**Data below**:
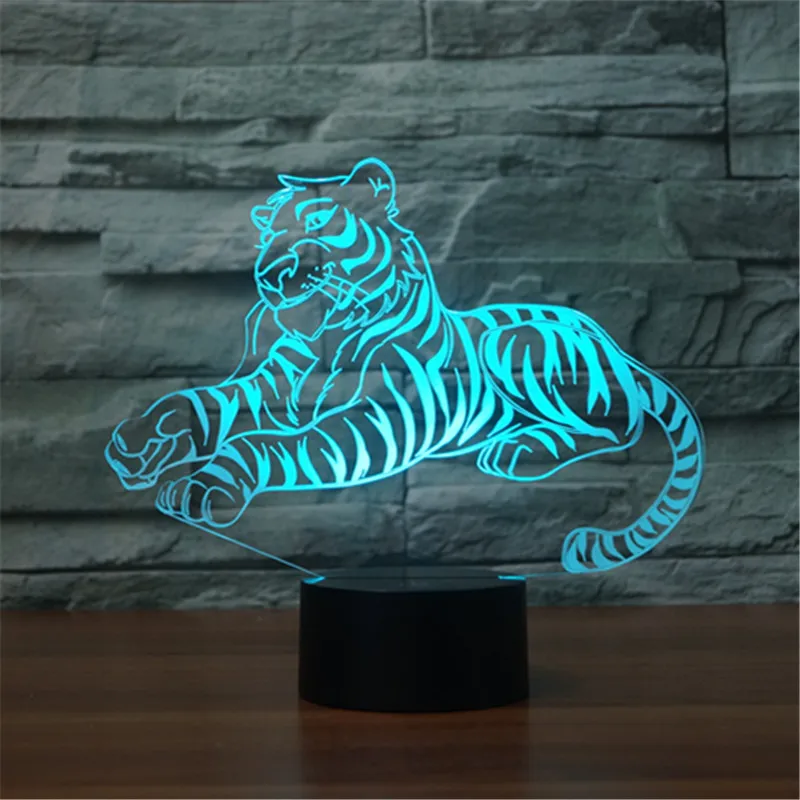 Free shipping New tiger seven color 3D night LED touch lamp visual lights for children's best Christmas gifts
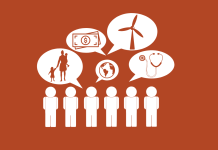 Warum NGOs auf der COP28 wichtig sind Roter Hintergrund mit weißen Symbolen, die Menschen und Themen der COP28 darstellen und von NGO beobachtet werden.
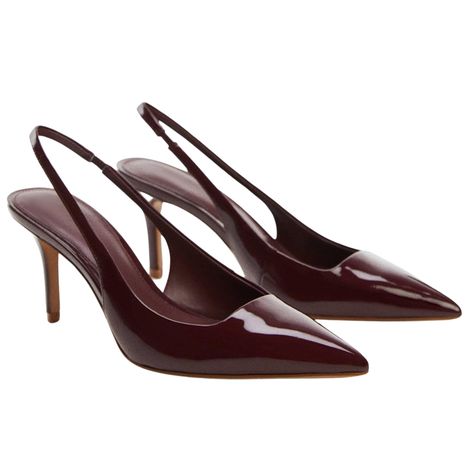 PRICES MAY VARY. Slip-on Pointed toe Slingback design 2.95 in stiletto heel Patent leather effect Party and events collection Heels For Maroon Dress, Burgundy Slingback Heels, Fall Wedding Guest Shoes, Cherry Red Heels, Business Shoes Women, Pumps Heels Outfit, Red Dress Heels, Nini Core, Slingback Heels Outfit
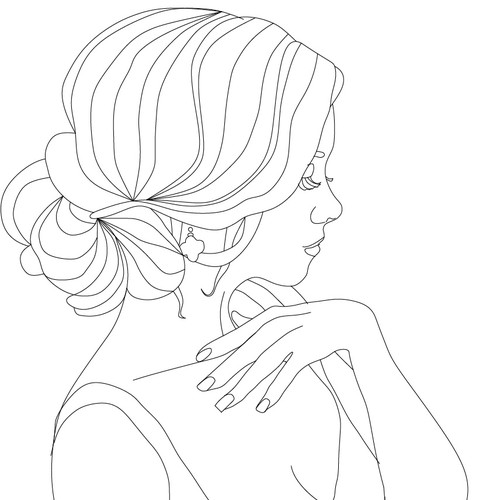 Illustration for updo hair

**Brief**:
What is needed is an exact transcription of the lines from the one holding "PRICES MAY VARY." to the end of the data, with every picture left out.

**Expected output**:
 PRICES MAY VARY. Slip-on Pointed toe Slingback design 2.95 in stiletto heel Patent leather effect Party and events collection Heels For Maroon Dress, Burgundy Slingback Heels, Fall Wedding Guest Shoes, Cherry Red Heels, Business Shoes Women, Pumps Heels Outfit, Red Dress Heels, Nini Core, Slingback Heels Outfit
 Illustration for updo hair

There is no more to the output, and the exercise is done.